Implications for research

Our findings highlight the importance of using common software and thresholds if prevalence of physically active people or associations between PA and disease are to be made. Based on our findings, it was not possible to indicate the most accurate software / threshold, although the Pampro package appeared to be more related with CVD risk than the others are. It is also important that researchers can access the raw acceleration signal rather than the manufacturer-specific data. All these steps would greatly facilitate comparison between studies and ultimately joint (meta) analysis of the data. Alternatively, researchers should make the code / thresholds / software used in their analyses available so that other researchers can apply them to their data33. Future studies need to further investigate the potential differences deriving from the different versions of the software used to analyse the data. In addition, the software packages assessing PA levels should be validated against a golden standard, such as doubly labelled water or direct calorimetry, with different age groups. Still, current golden standard methods such as doubly labelled water provide total daily energy consumption, but fail to provide any information regarding intensity and bout duration. Other methods such as oxygen consumption using portable devices could be envisaged, but they remain rather cumbersome and are difficult to use on a free-living, 24-h scale. The surrogate or “silver” methods such as heart rate measurement or activity logs are not sufficient.

Strengths and limitations

To the best of our knowledge, this is the first study to assess differences in PA estimation with different software and thresholds for processing accelerometer data. Our study comprised a large sample size of 2693 individuals from a well-characterized population-based cohort. Furthermore, we included the full range of activity intensity from SB to VPA, and we assessed the association of different software with a CVD risk score.

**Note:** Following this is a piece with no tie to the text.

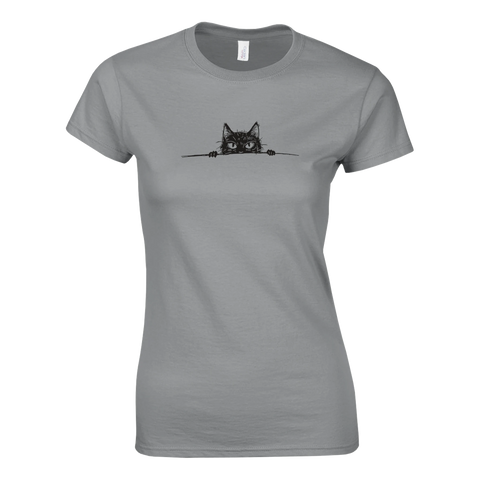 Stilren skiss av en katt med attityd – grå t-shirt dammodell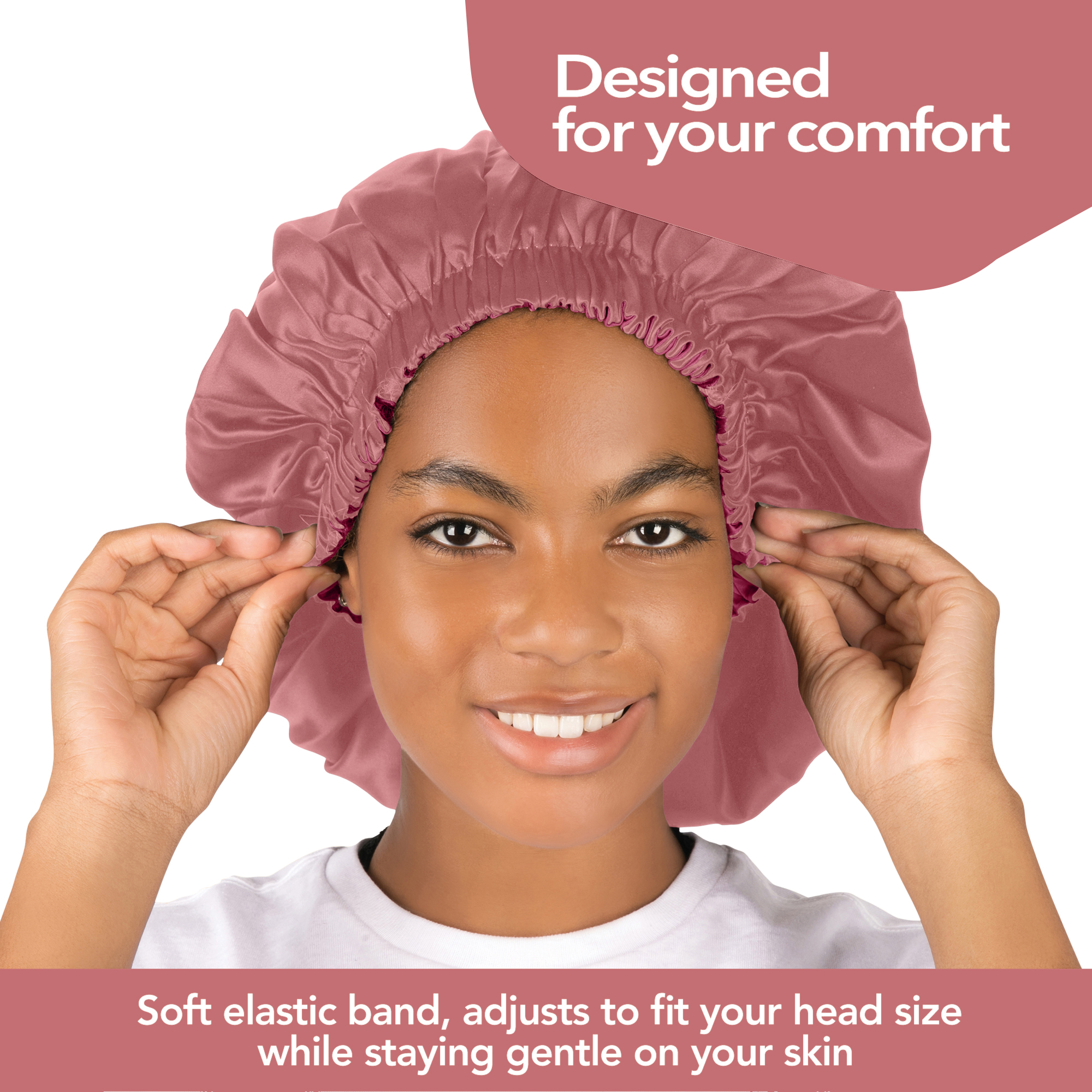 Comfort fit of the pink silk bonnet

This study also has some limitations. The major limitation is that we lacked a “gold standard” that would allow us to assess the accuracy of each software. Furthermore, packages like GGIR or PAMPRO only read in data, apply pre-processing procedures, and then apply algorithms for predicting PA outcomes from features in the signal. In this case, the packages are applying simplistic thresholds based purely on the magnitude of acceleration and ignore other important time and frequency domain features in the accelerometer signal. However, the field is progressing towards the application of machine learning or pattern recognition approaches to overcome this problem34. A second limitation is that we included a single population mainly constituted of Caucasian subjects, although the results might not differ if other ethnicities are studied. Furthermore, all assessments were conducted at the same period and whether the variation of levels of PA between software could change with time could not be evaluated.

Conclusion

We found large differences in PA estimation between software and thresholds, which preclude comparability between studies. Validation of the different software against golden standards is urgently needed. In the meantime, investigators should consider utilizing a single software to facilitate comparison or present results utilizing at least two of the most used software so that findings can be more comparable.